The advertising campaign launched in Australia featured two young girls in school uniform with the caption, “Make those heads turn in H&M’s Back to School fashion”.
“We have removed this ad,” an H&M spokesperson said on Monday. “We are deeply sorry for the offence this has caused and we are looking into how we present campaigns going forward.”
The move comes after social media users accused the clothing brand of sexualising young girls.
“The little girls’ parents generally prefer heads don’t ‘turn’ when others see their daughters walking to school, on a bus or in class,” Melinda Tankard Reist, an Australian writer known for campaigning against pornography, said in a post on X.

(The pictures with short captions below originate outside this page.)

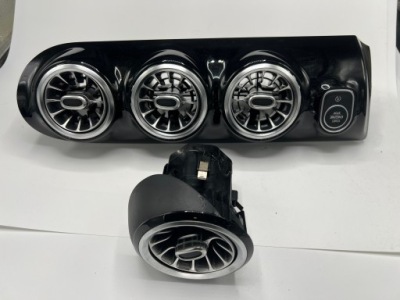 Mercedes a-klasa w177 решітка обдув dekor a1776809800 фото №1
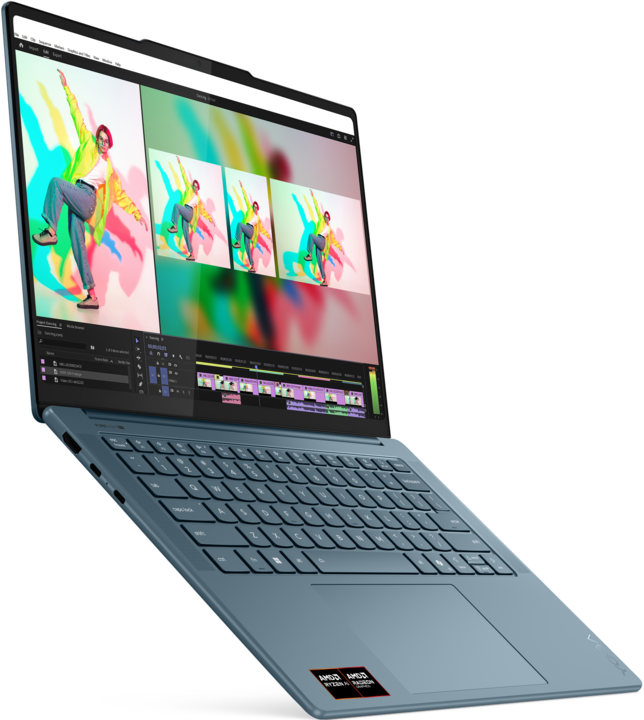 Produktbild Lenovo Yoga Pro 7 (14.50", AMD Ryzen AI 9 365, 32 GB, 1000 GB, CH)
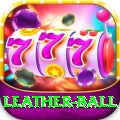 leather ball Mega - Win Real PKR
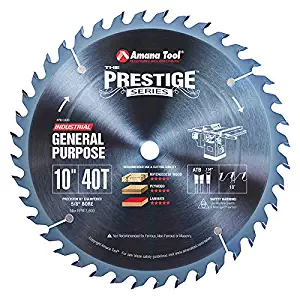 Best 10 in combination saw blade for table saw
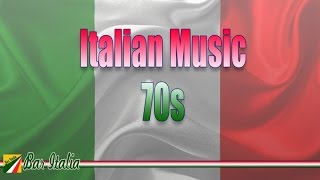 Italian Music 70s  Best Italian Songs [upl. by Fagin]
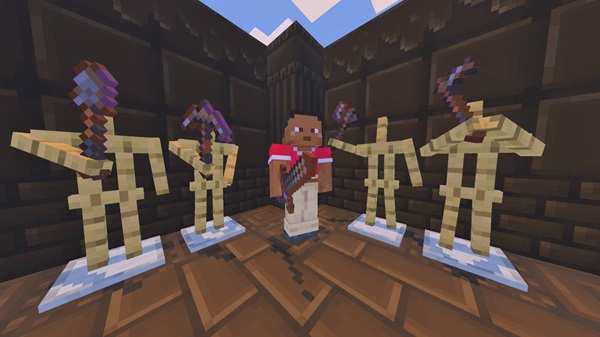 Chocolate Dreams Addon mcpe unduh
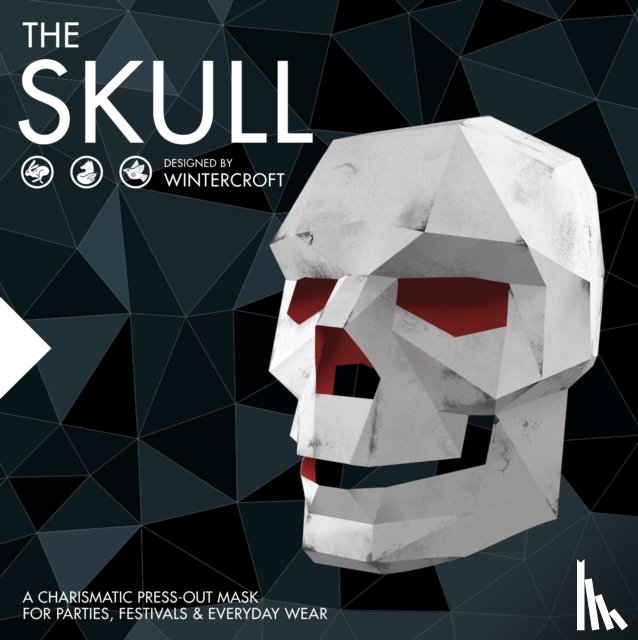Steve Wintercroft - The Skull: Designed by Wintercroft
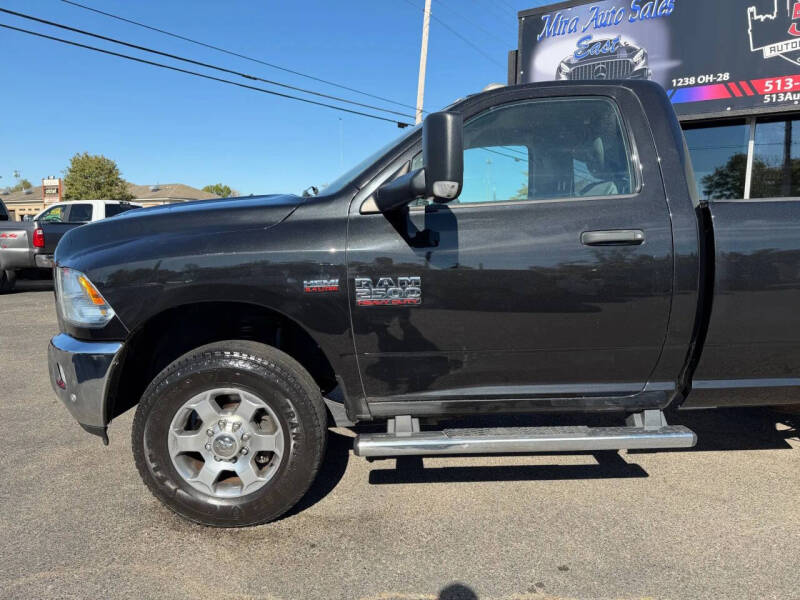 2016 RAM 2500 SLT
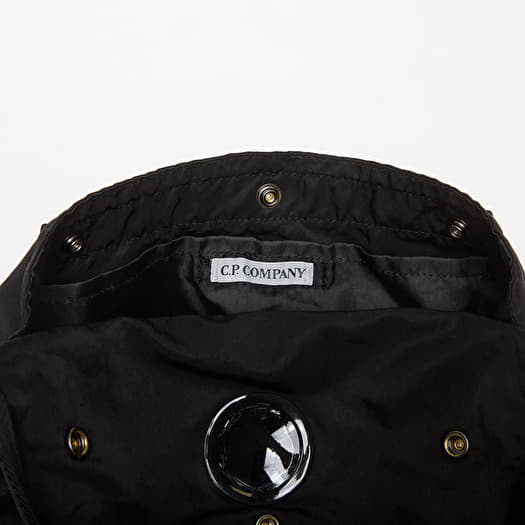 Crossbody bags C.P. Company Nylon Shoulder Bag Black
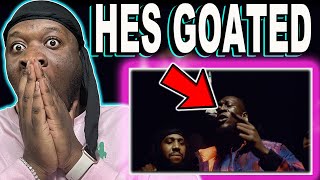 American Rapper Reacts To  STORMZY  WILEY FLOW REACTION [upl. by Ludie517]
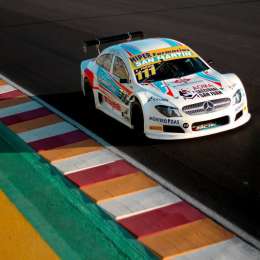 Top Race Series: Ariel Persia festejó de local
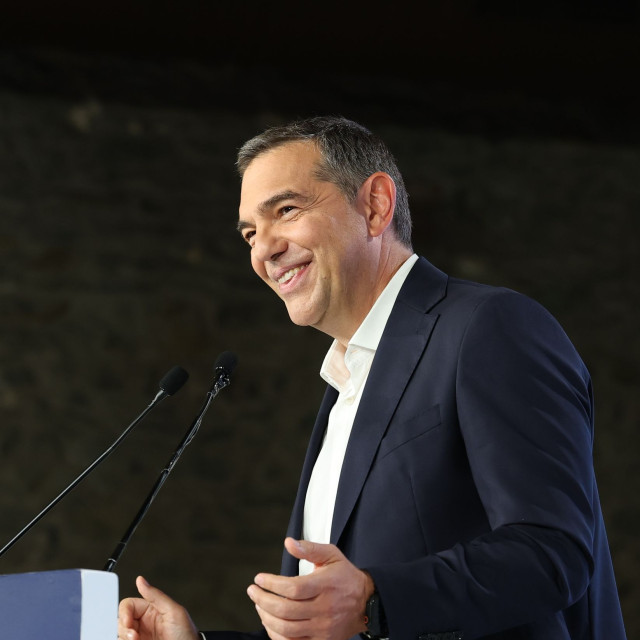 Στην Κρήτη σήμερα και αύριο ο Αλέξης Τσίπρας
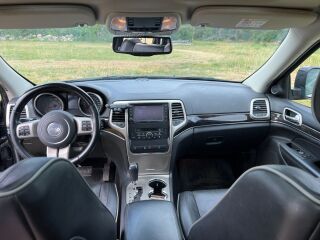 Jeep Grand Cherokee 3.0 177kW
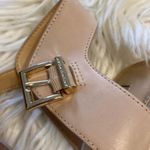 Antonio Melani  leather sole sandals size 5M excellent condition see photos Photo 2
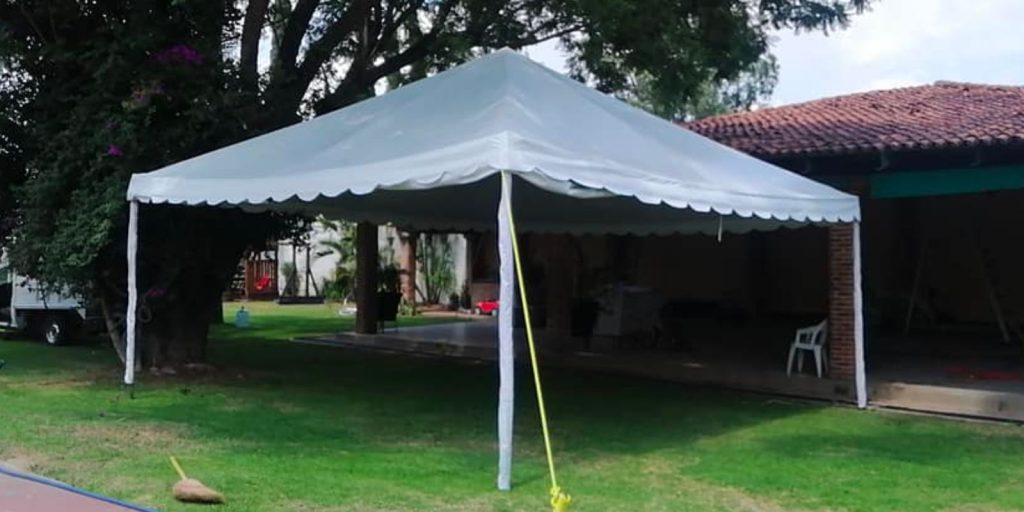 Renta de Toldo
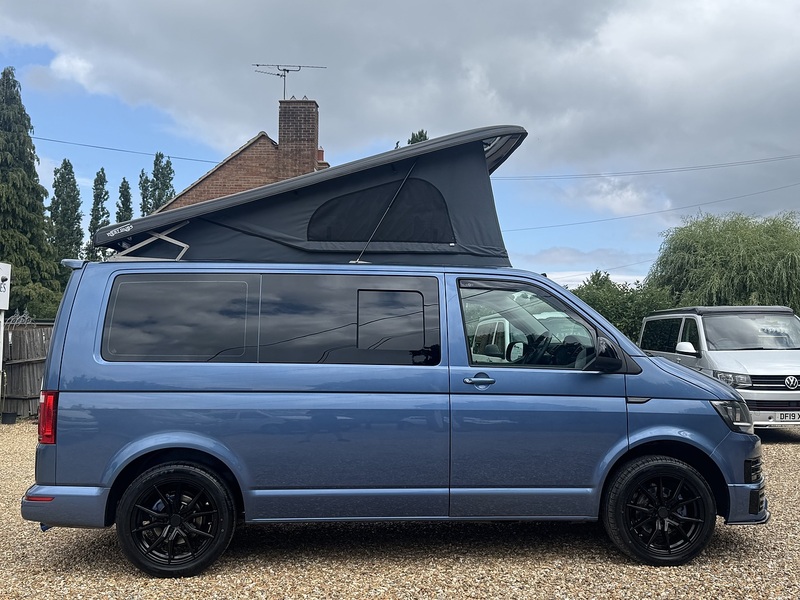 Volkswagen T6 T30 150 DSG SWB 2.0 4dr Camper Automatic Diesel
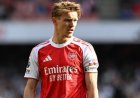 Martin Ødegaard mu bashobora kuva muri Arsenal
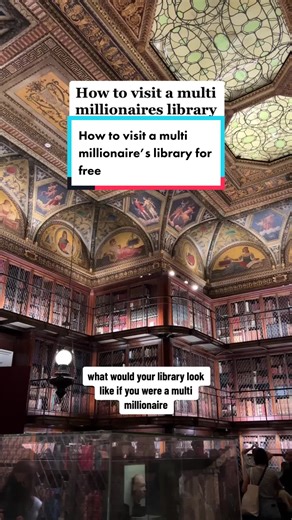 Exploring the Morgan Library and Museum in New York City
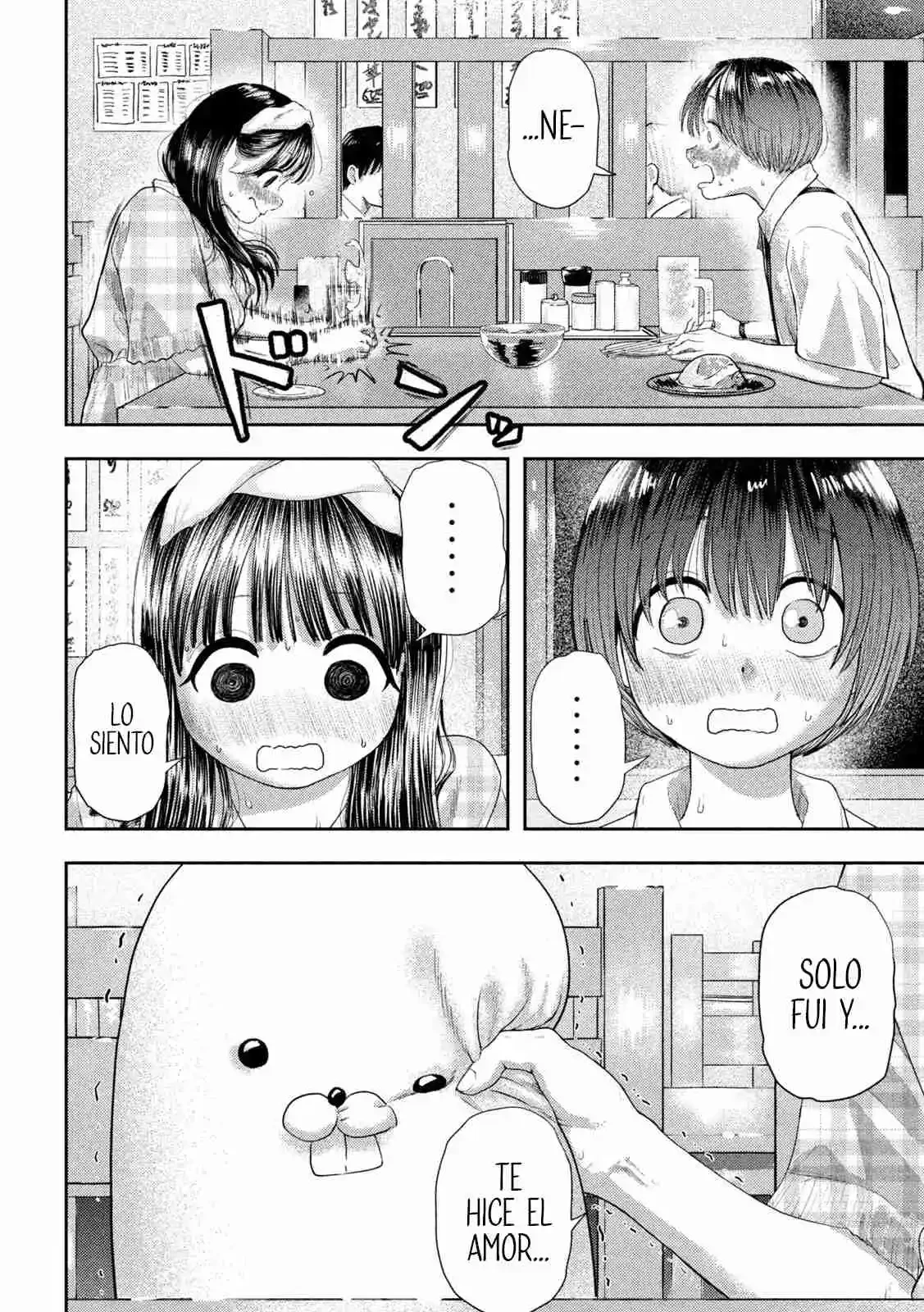 Nezumi no Hatsukoi - Capítulo 11 - Página 8 - LectorTMOo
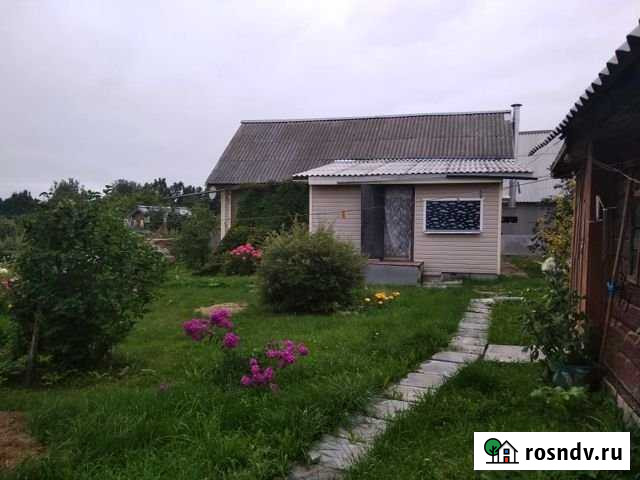 Дом 60 м² на участке 22 сот. на продажу в Кардымово Кардымово - изображение 1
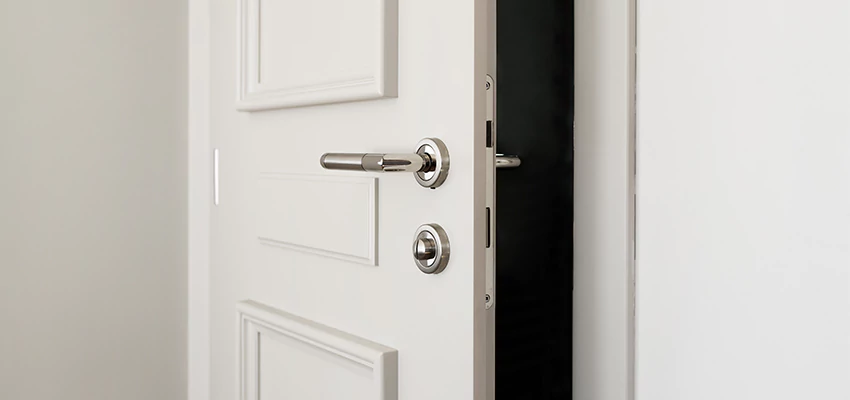 Folding Bathroom Door With Lock Solutions in Hesperia, CA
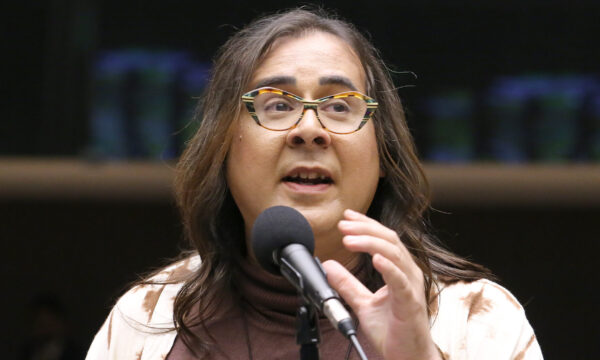 Deputada Duda Salabert relata tentativa de homicídio ao fiscalizar den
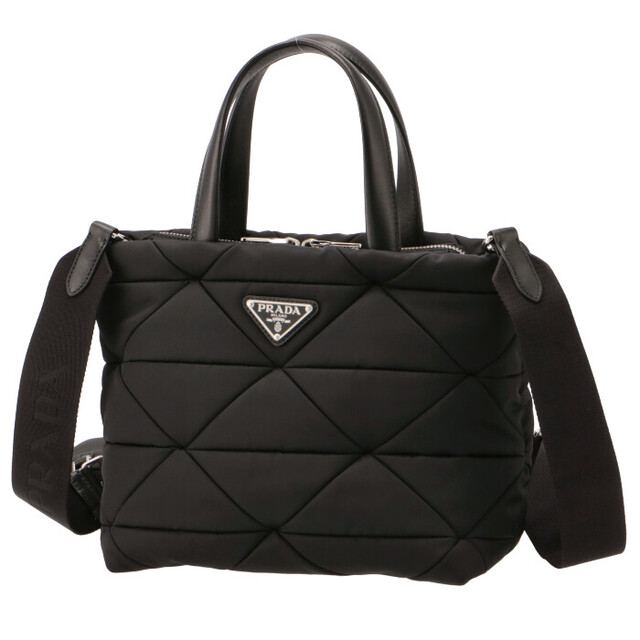 PRADA - PRADA トートバッグ パデッド Re-Nylon ナイロンの通販 by ...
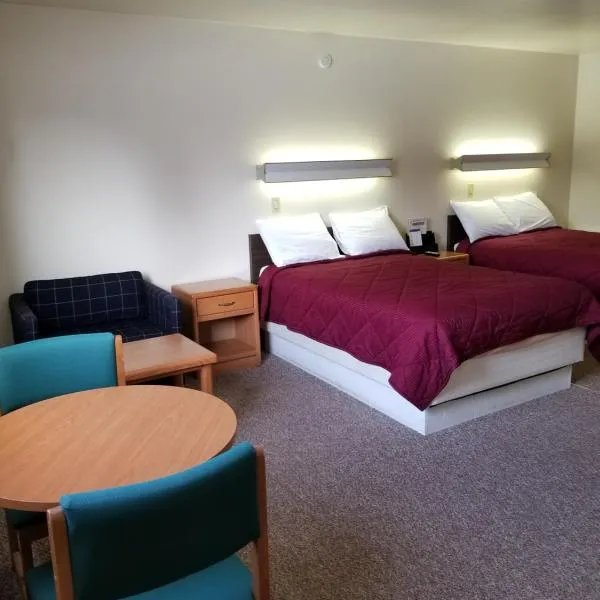 Home Motel Abbotsford, hotell Abbotsfordis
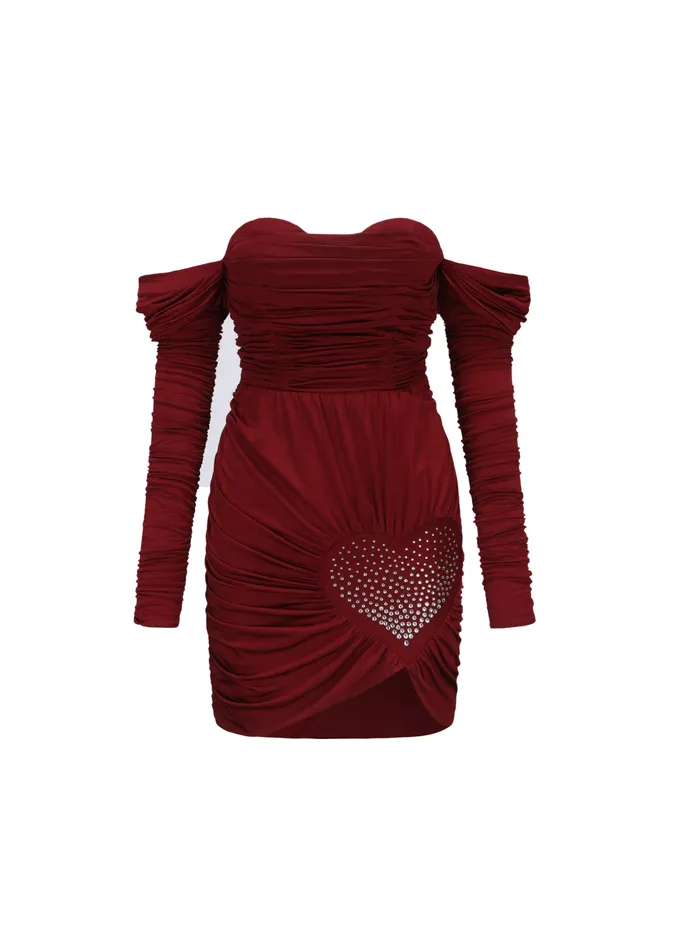 Women Vanessa Diamond Dress Nana Jacqueline Mini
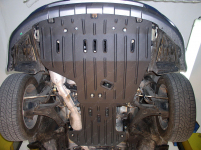 Защита двигателя SUBARU Legacy (2003-2009) 2,0; 2,5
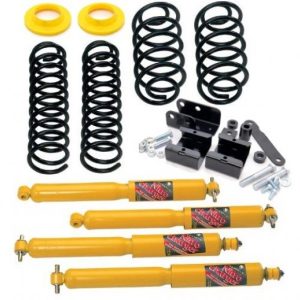 2-2.25" Heavy Load Lift Kit 2007-2018 Jeep JK 4 Door OMEJK4DHKS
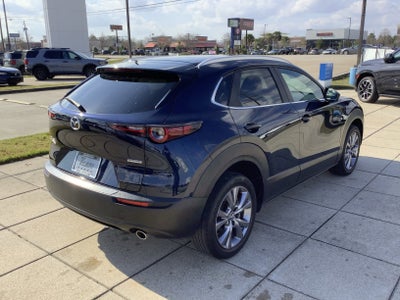 2024 Mazda Mazda CX-30 2.5 S Preferred Package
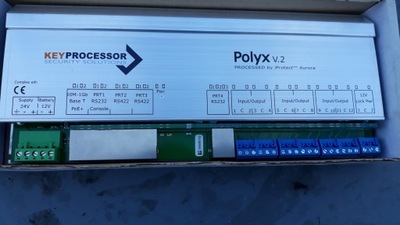 Moduł sterownik keyprocessor Polyx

“Why would you want to fuel the idea that little girls should draw attention to their looks, bodies and ‘style’? Perhaps have a word to your marketing team and come up with something that doesn’t draw attention to pre-pubescent girls already struggling to thrive in a culture that values ‘lookism’ as an aspirational goal?”
The backlash is the latest in a series of controversies involving fashion brands’ advertising campaigns.
Last month, Zara dropped a campaign featuring a model standing among rubble and mannequins wrapped in shrouds after social media users claimed it was insensitive to victims of the war in Gaza.
Paris-based luxury fashion brand Balenciaga last year apologised for running adverts that featured children holding teddy bears wearing bondage-style attire and a printout of a Supreme Court decision that upheld laws against child pornography.